Israel lançou ataques aéreos contra Beirute nesta sexta-feira (6), ampliando a ofensiva militar iniciada há uma semana ao lado dos Estados Unidos contra o Irã e seus aliados na região. O bombardeio ocorreu após o Exército israelense ordenar a evacuação completa dos subúrbios ao sul da capital libanesa, uma medida considerada inédita pela dimensão do território afetado.
Durante a madrugada, explosões e intensos clarões iluminaram o céu na região sul da cidade. As Forças Armadas de Israel informaram ter realizado 26 ondas de ataques noturnos, mirando centros de comando e depósitos de armas do Hezbollah, grupo xiita aliado de Teerã e uma das principais forças políticas e militares do Líbano desde os anos 1980.
A ofensiva ocorre após o Hezbollah lançar disparos contra Israel nesta semana em resposta à morte do líder supremo iraniano, o aiatolá Ali Khamenei, atingido por bombardeios israelenses no primeiro dia do conflito.

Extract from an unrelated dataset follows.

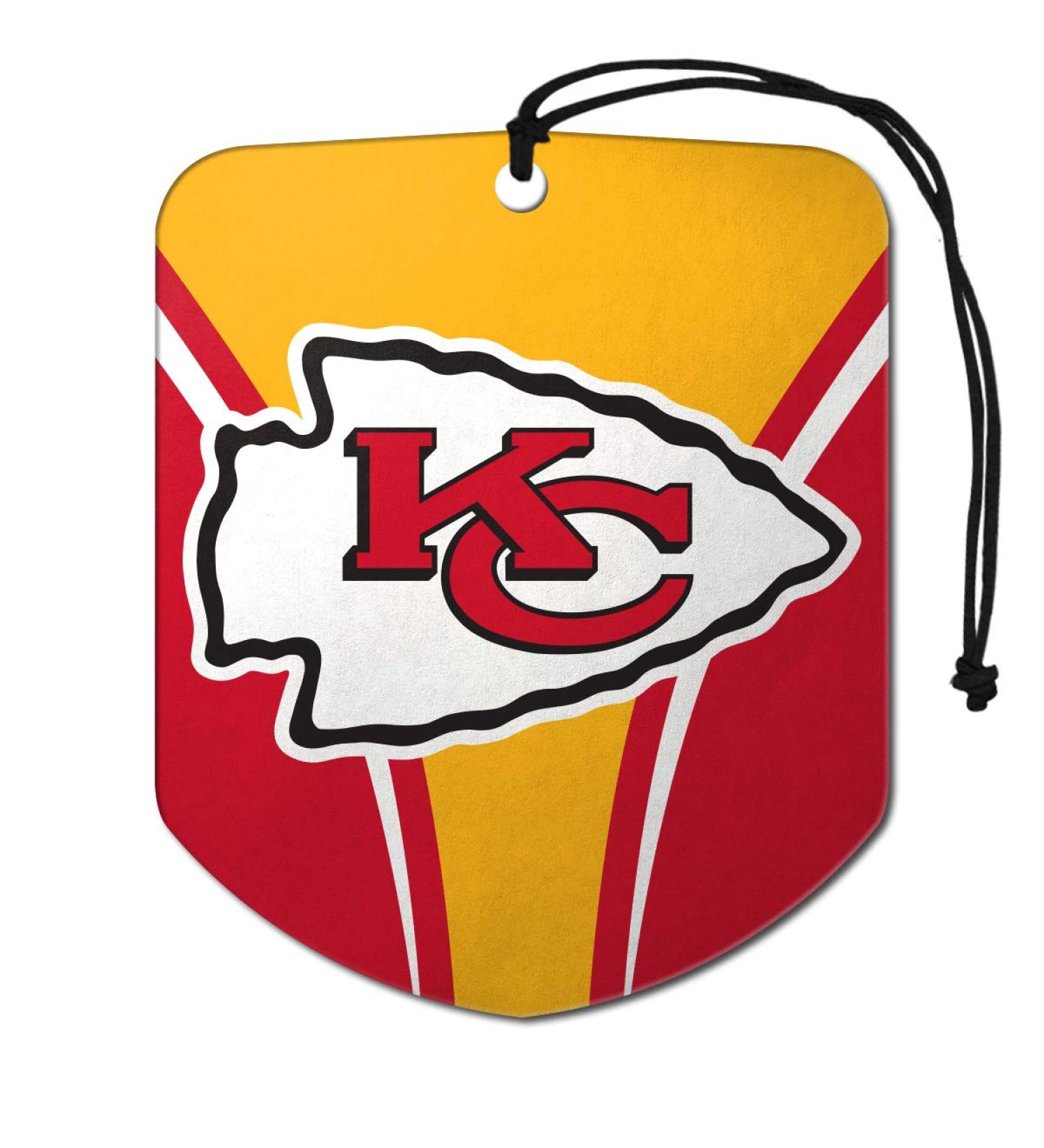 FANMATS 61574 NFL Kansas City Chiefs Hanging Car Air Freshener, 2 Pack, Black Ice Scent, Odor Eliminator, Shield Design with Team Logo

Moradores da região relataram fuga em massa e improvisação de abrigos nas ruas da capital libanesa. “Estamos dormindo aqui nas ruas — alguns em carros, outros na rua, outros na praia”, disse Jamal Seifeddin, 43 anos, que deixou os subúrbios do sul de Beirute e passou a noite no centro da cidade. “Nunca dormi assim no chão. Fui forçado a isso. Ninguém trouxe sequer um cobertor.”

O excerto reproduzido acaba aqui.